*** Opening of Data shown ***

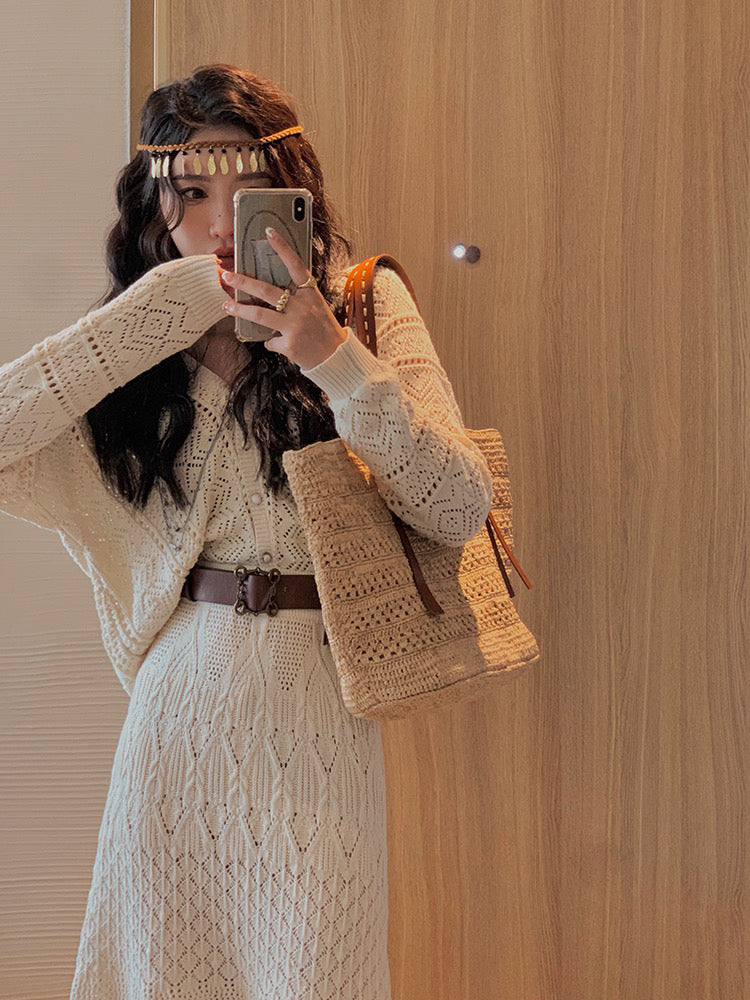 Pointelle Knit Cardigan Skirt Set
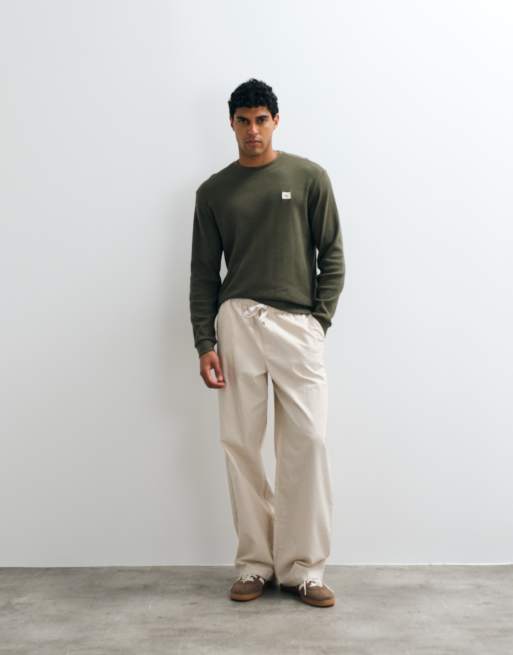 Calvin Klein Jeans woven label long sleeve waffle t-shirt in khaki, 2 of 5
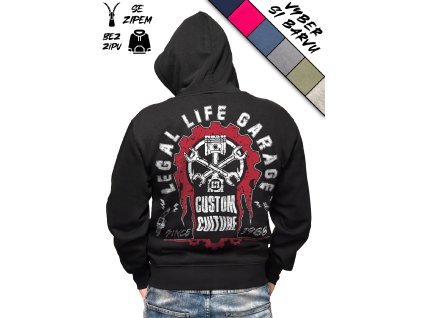 Pánská mikina LEGAL LIFE Garage (Se zipem/Bez zipu Černá se zipem, Velikosti 3XL)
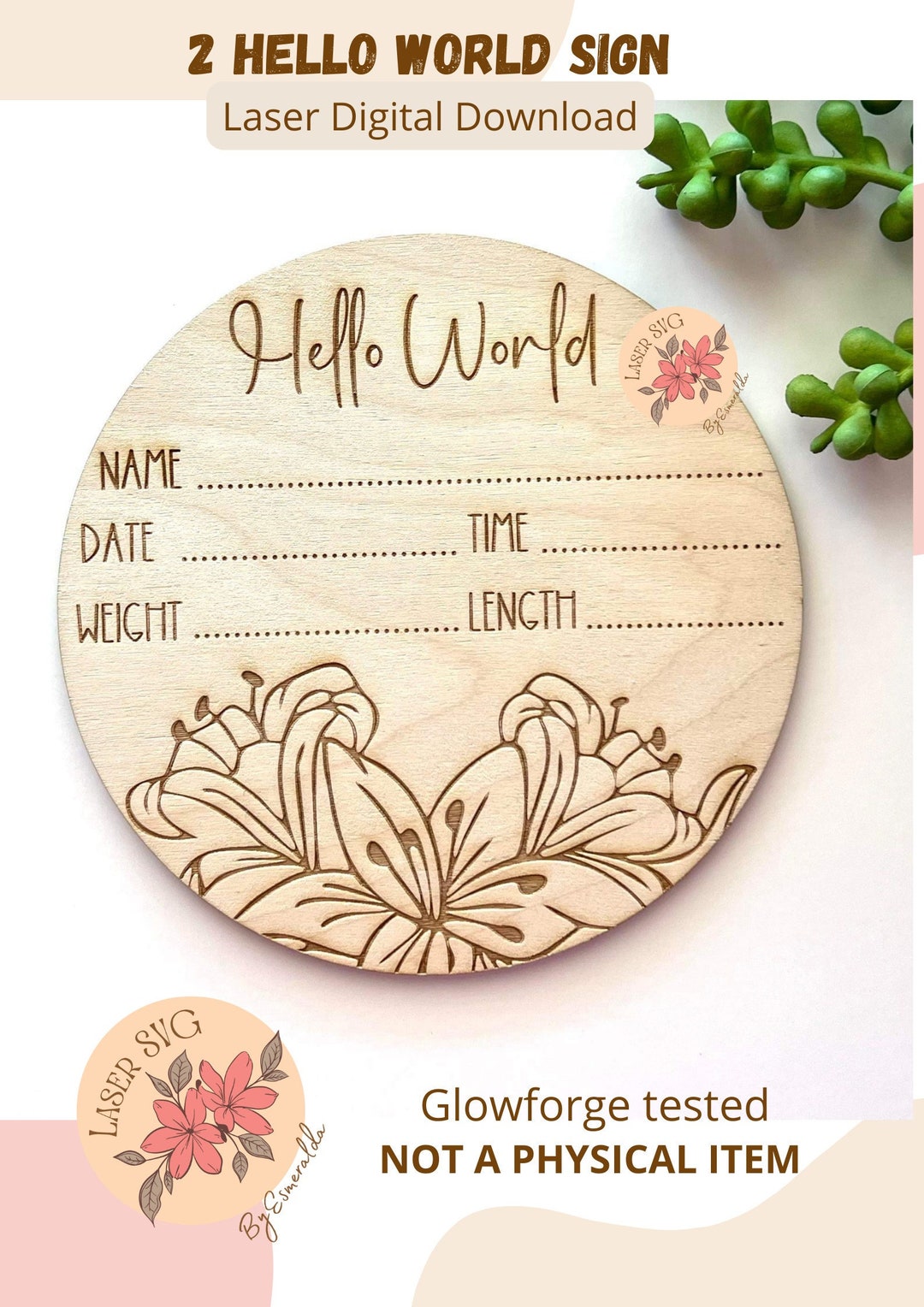 Floral Hello World Sign SVG: Laser Cut Baby Milestone (digital Download ...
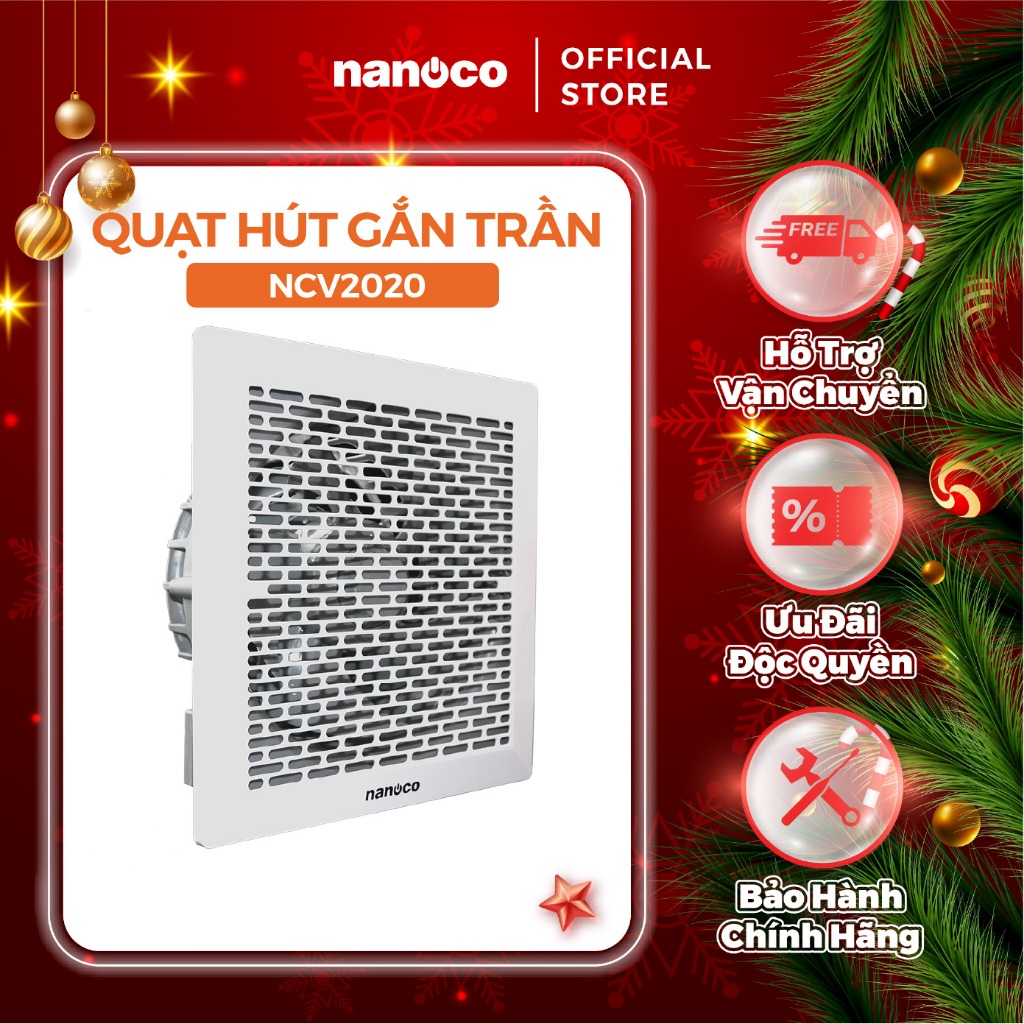 Quạt hút Nanoco âm trần không sử dụng ống dẫn model NCV1520/ NCV2020 (công suất 16W, 21W)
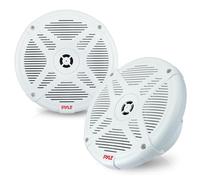 Pyle Haut-Parleur Nautique 16,5 cm (6,5"), IP-X4, étanche et résistant aux intempéries, Double système de Son stéréo avec Puissance de 600 W et Design à Profil Bas, Pas de Bluetooth, Blanc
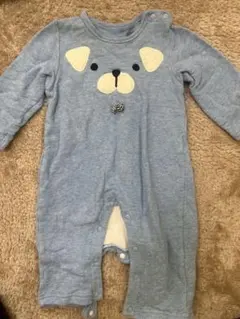 犬の顔刺繍ブルーロンパース70㎝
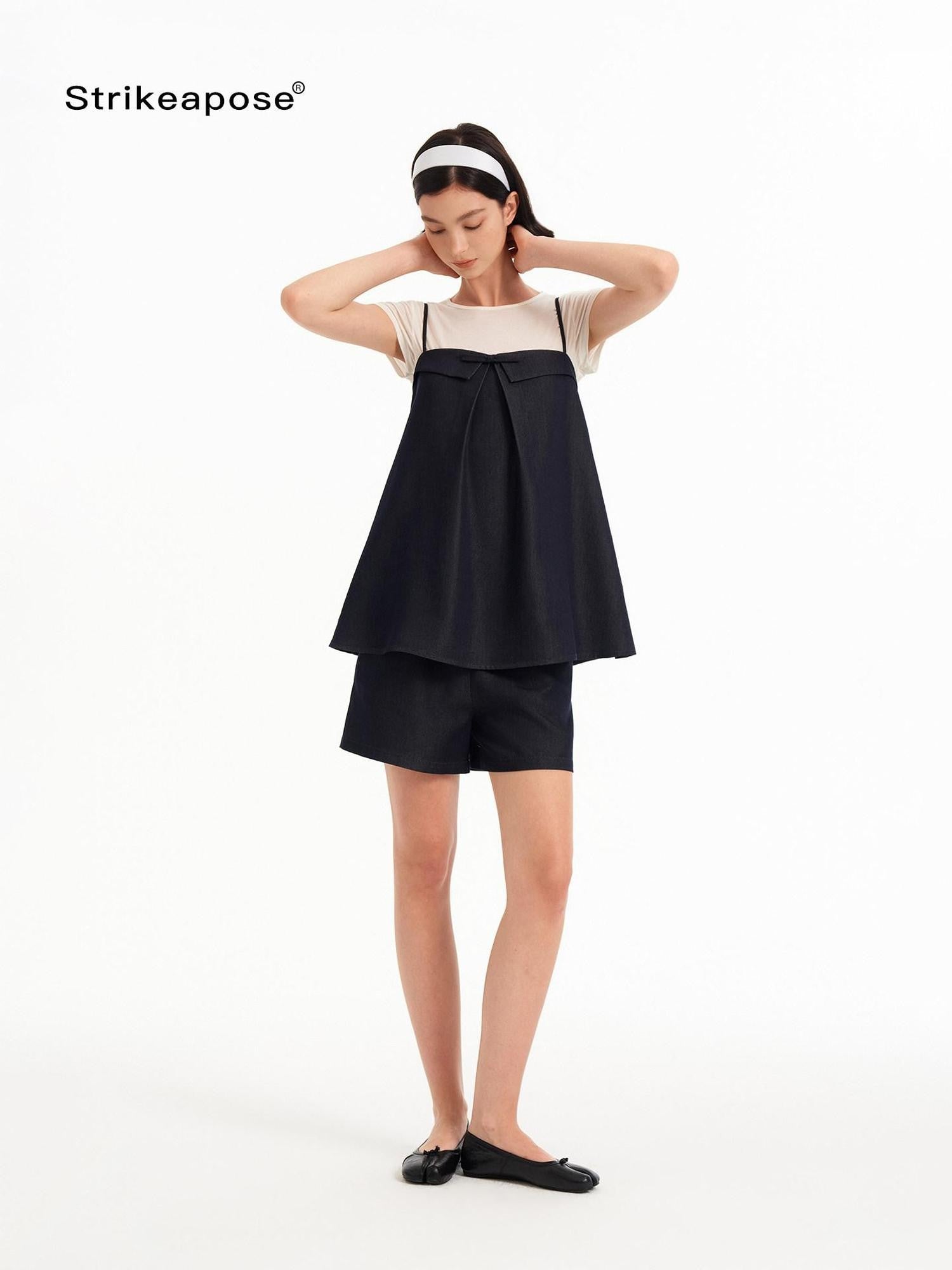 STRIKE A POSE Bow Aline Camisole Loose Shorts Women&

*** Close of Data shown ***

> Goal of the exercise: All of the listing should be transcribed exactly, but none of its images.

> Solution for this problem:
 Pointelle Knit Cardigan Skirt Set
 Calvin Klein Jeans woven label long sleeve waffle t-shirt in khaki, 2 of 5
 Pánská mikina LEGAL LIFE Garage (Se zipem/Bez zipu Černá se zipem, Velikosti 3XL)
 Floral Hello World Sign SVG: Laser Cut Baby Milestone (digital Download ...
 Quạt hút Nanoco âm trần không sử dụng ống dẫn model NCV1520/ NCV2020 (công suất 16W, 21W)
 Pyle Haut-Parleur Nautique 16,5 cm (6,5"), IP-X4, étanche et résistant aux intempéries, Double système de Son stéréo avec Puissance de 600 W et Design à Profil Bas, Pas de Bluetooth, Blanc
 犬の顔刺繍ブルーロンパース70㎝
 STRIKE A POSE Bow Aline Camisole Loose Shorts Women&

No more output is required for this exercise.